Jefferson Pinder: Hyde Park Art Center
Jefferson Pinder’s first Chicago exhibition, “Onyx Odyssey,” is ambitious and nuanced, shying away from depicting a singular black experience in favor of a fluctuating and ambiguous study of American society. Above the gallery’s entrance is Gauntlet, 2015, a cluster of charred police batons strung by invisible wires. On the other side of the room hangs POTUS, 2015, a white neon drawing of President Obama’s eyes. The gaze is as cool as a billboard, conjuring a dream where anyone can succeed. Between these works stands Monolith (Dream Catcher), 2015, a collection of African masks piled inside a one-way glass vitrine with blue light. The masks remain hard to see but are seductive, slipping between a nonspecific archetypal group and a tomb of individuated faces. Monolith (Dream Catcher) reflects Assimilated, 2009, another white neon outline of the human body rising from a pile of coal on the ground. Even in its ambivalent transcendence, a hierarchical juxtaposition of black and white remains.

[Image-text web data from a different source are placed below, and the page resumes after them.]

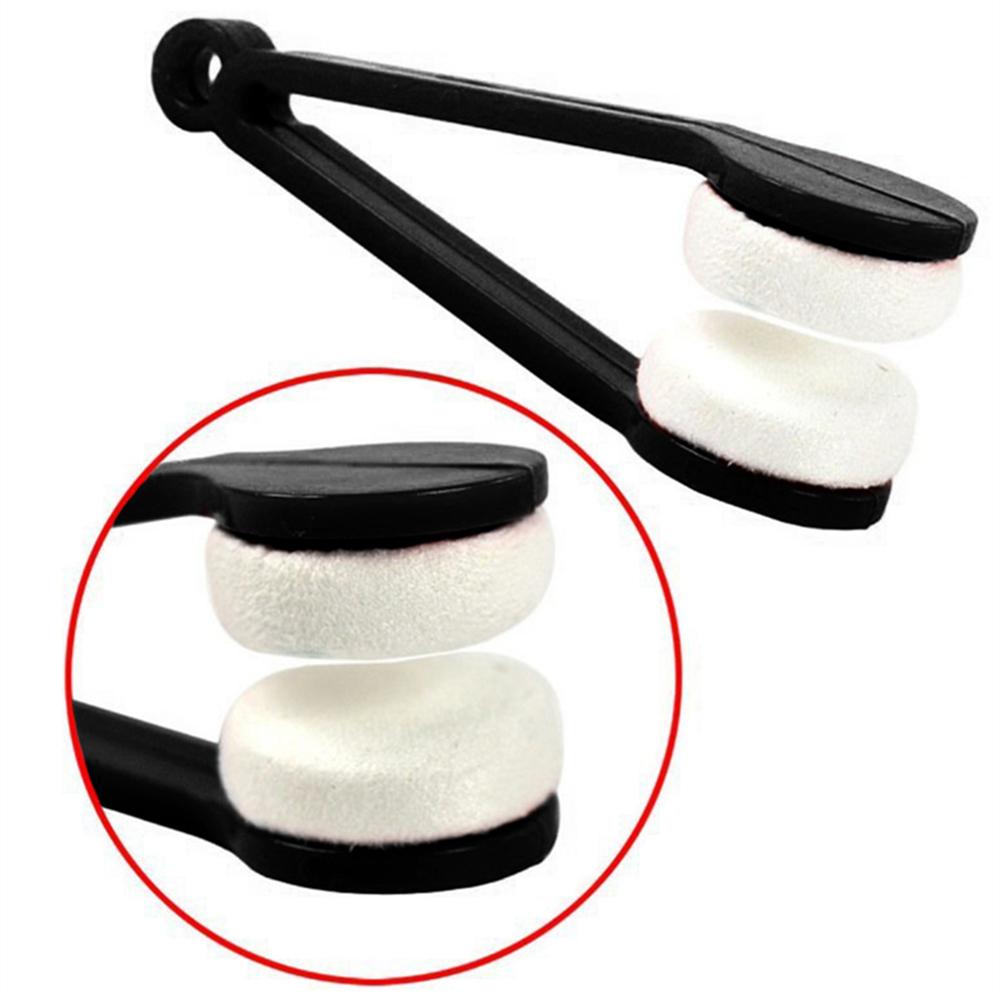 1 Stück Neue Kreative Doppelseitige Tragbare Multifunktionale Brillenputz-Rub Sonnenbrillen Brillen Mikrofaser Reiniger Bürsten Wischen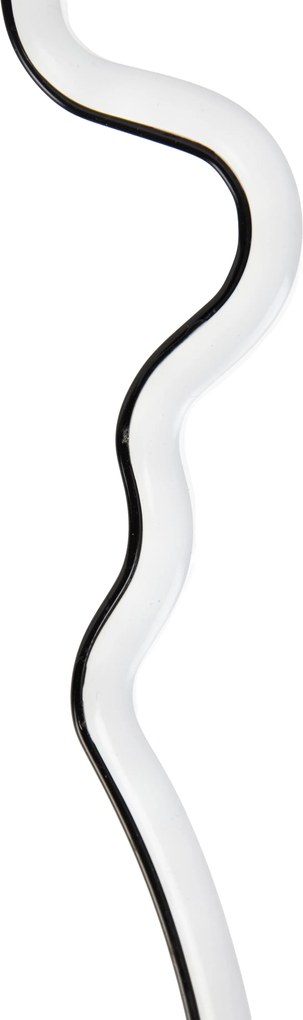 Świąteczny neonowy reflektor gruntowy Biały Bałwan z LED z Timerem IP44 - Fura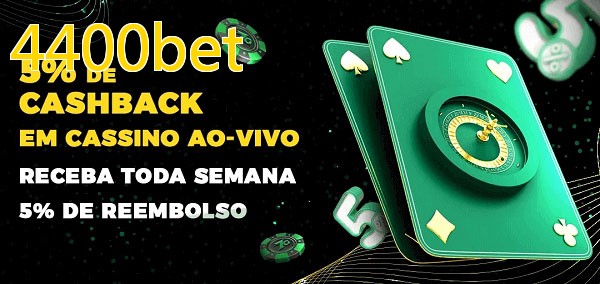 Promoções do cassino ao Vivo 4400bet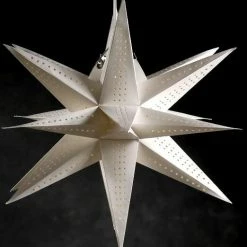 Richland Shop By Event Star Lantern White 24in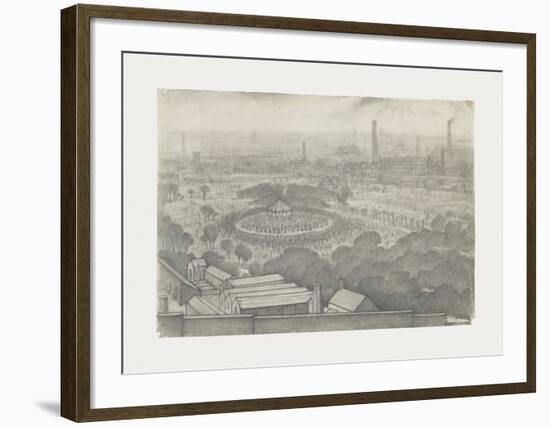 Bandstand, Peel Park , Salford, 1925-Laurence Stephen Lowry-Framed Premium Giclee Print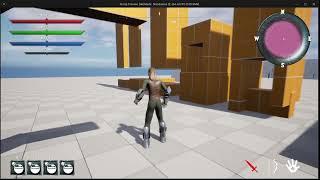 UE5 devlog - COB project update + initial testing of Mantling + Climbing + FCS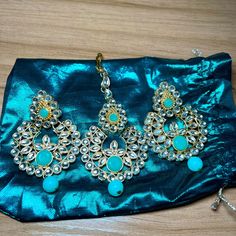 Tikka Set - Kundan - Never Worn. Lightweight. Green Tikka Jewelry, Sea Green, Womens Sizes, Women Jewelry, Green, Women Shopping, Color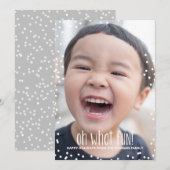 Oh What Fun Holiday Photo Card Feestdagenkaart (Voorkant / Achterkant)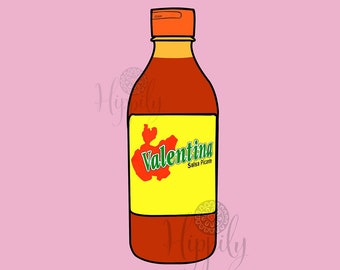 Valentina svg-Salsa Valentina svg-Salsa svg-Mexican svg-Latin Culture svg-Valentina cut file-Salsa Valentina dxf-Latino-Hispanic-Hispano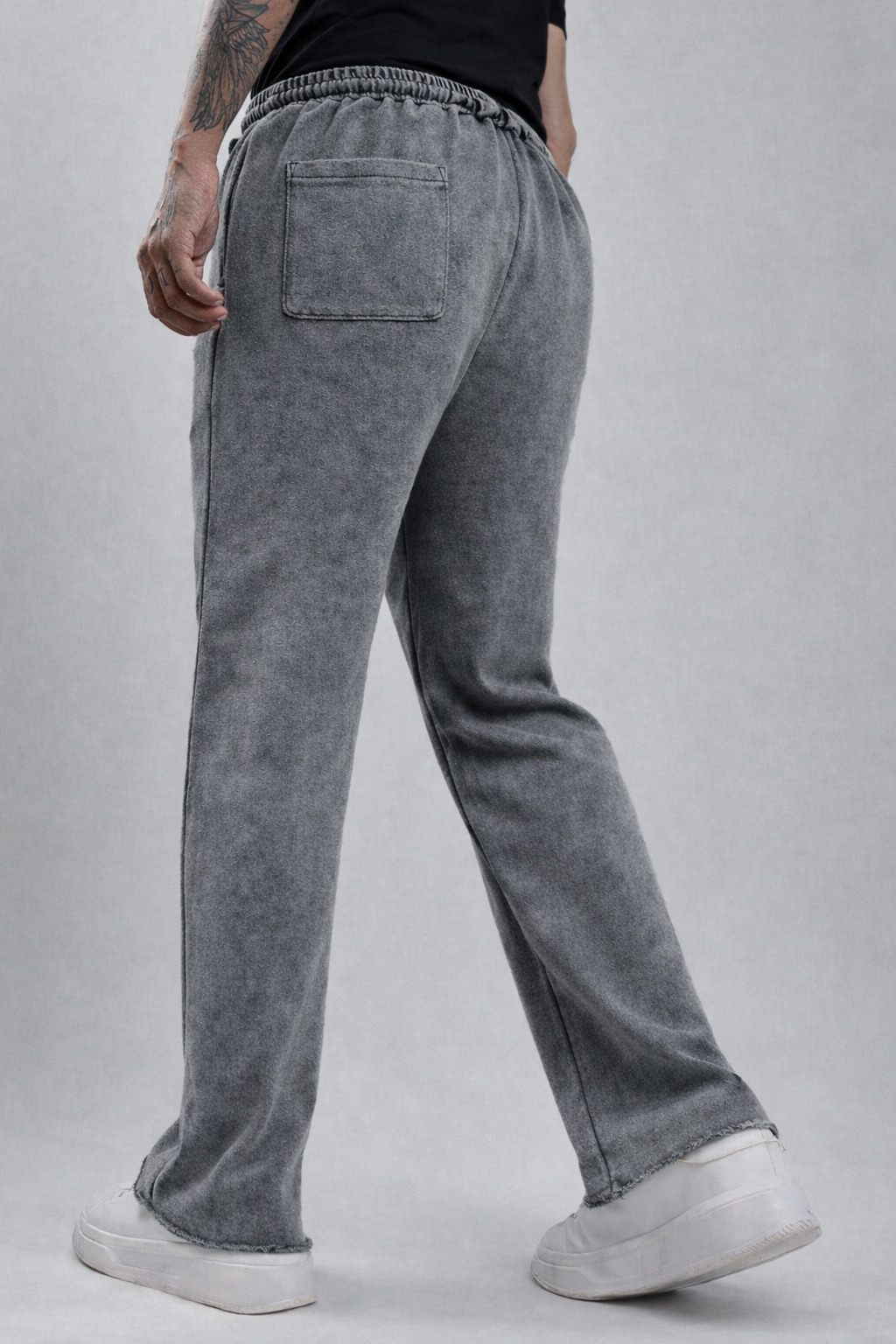 Sulphur-Wash Raw Terry Joggers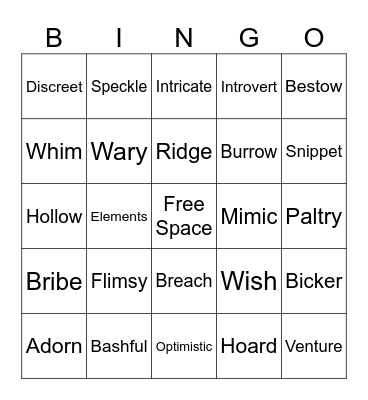 The Wishtree Sight Word Bingo! Bingo Card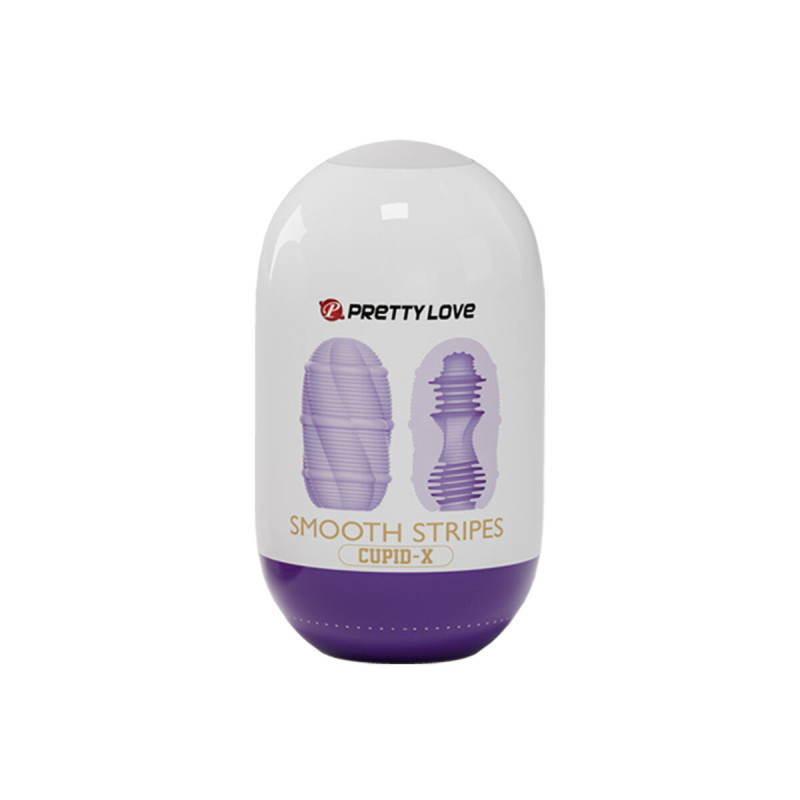 Pretty Love - Huevo Masturbador Smooth Stripes Cupid | Vybes.it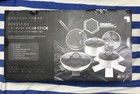 Sharper image Premium Cookware set 10pc ceramic non stick Tri-ply Stainless New
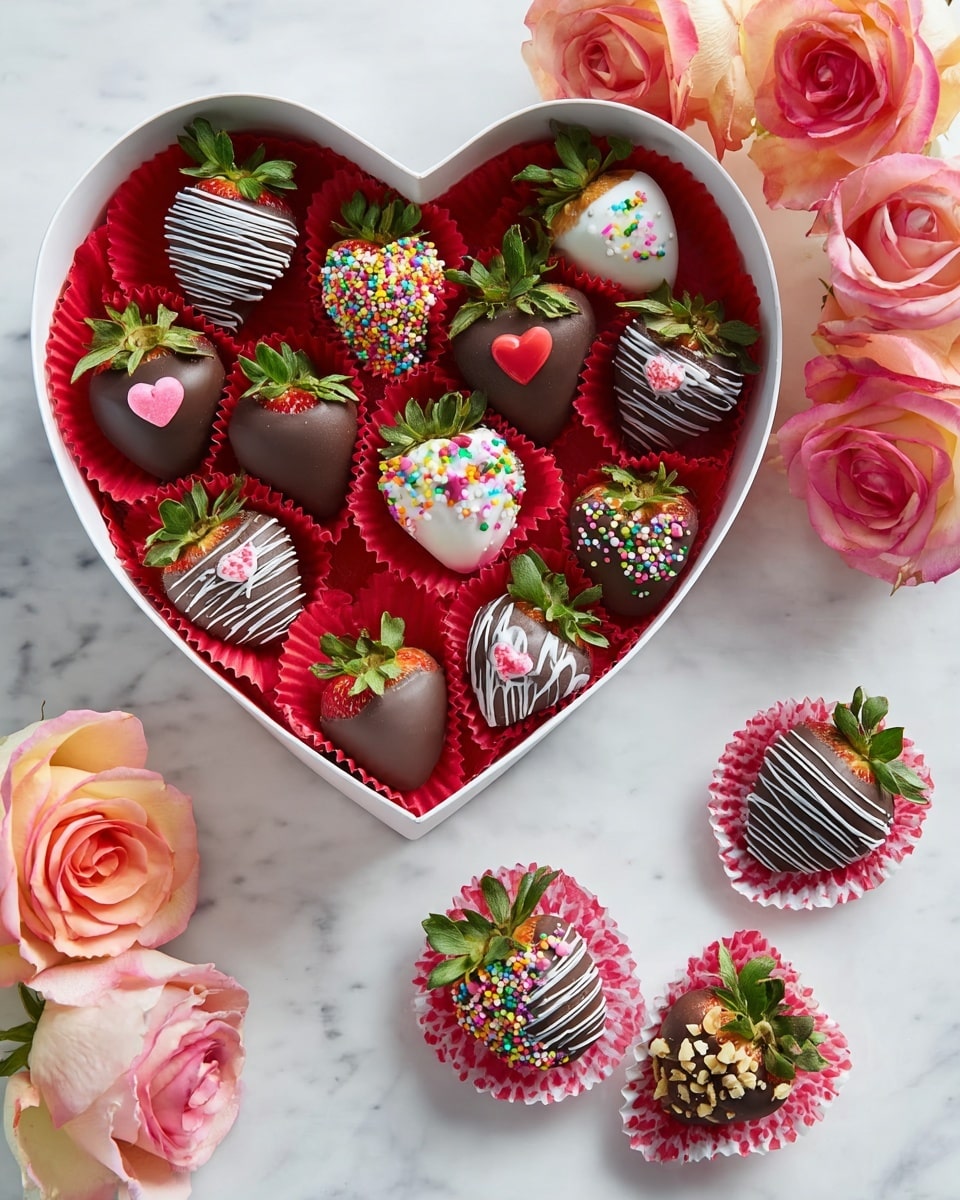 Chocolate-Covered Strawberries Recipe - Recipe Image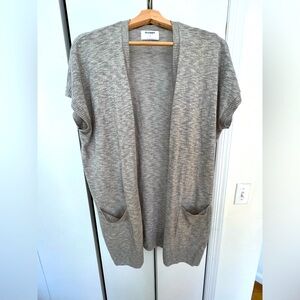 Old Navy Long Slub-Knit Short-Sleeve Open-Front Sweater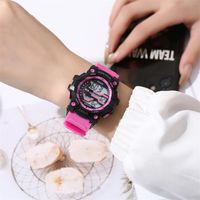 Preppy Style Sweet Solid Color Electronic Kids Watches sku image 2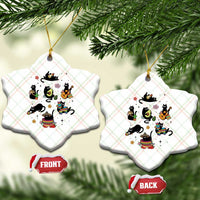 Funny Black Cat Lover Cinco De Mayo Ceramic Ornament Mexican Fiesta Gift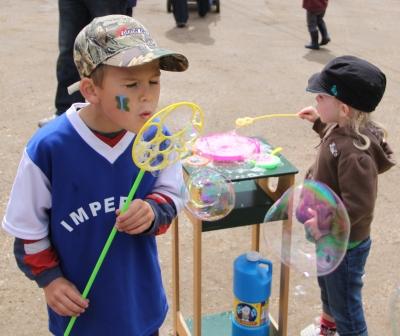 Bubbles & Face paint at PotashCorp Fireworks Festival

Celebratory moments occur as well, as with Pinder’s two-channel cinematic interpretation of Du Bois’s 1911 historical pageant, The Star of Ethiopia. Here, a veiled woman in a white dress soars through Chicago’s South Side with euphoric ease. Or high above POTUS, projected through windows onto the street, a multi-channel video titled Countermeasure, 2015, loops with a break-dancing crew’s translation of gestures from Black Lives Matter protests. Unlike the vitrine, the collected gestures are accessible and unfixed, marking a collective refusal of injustice.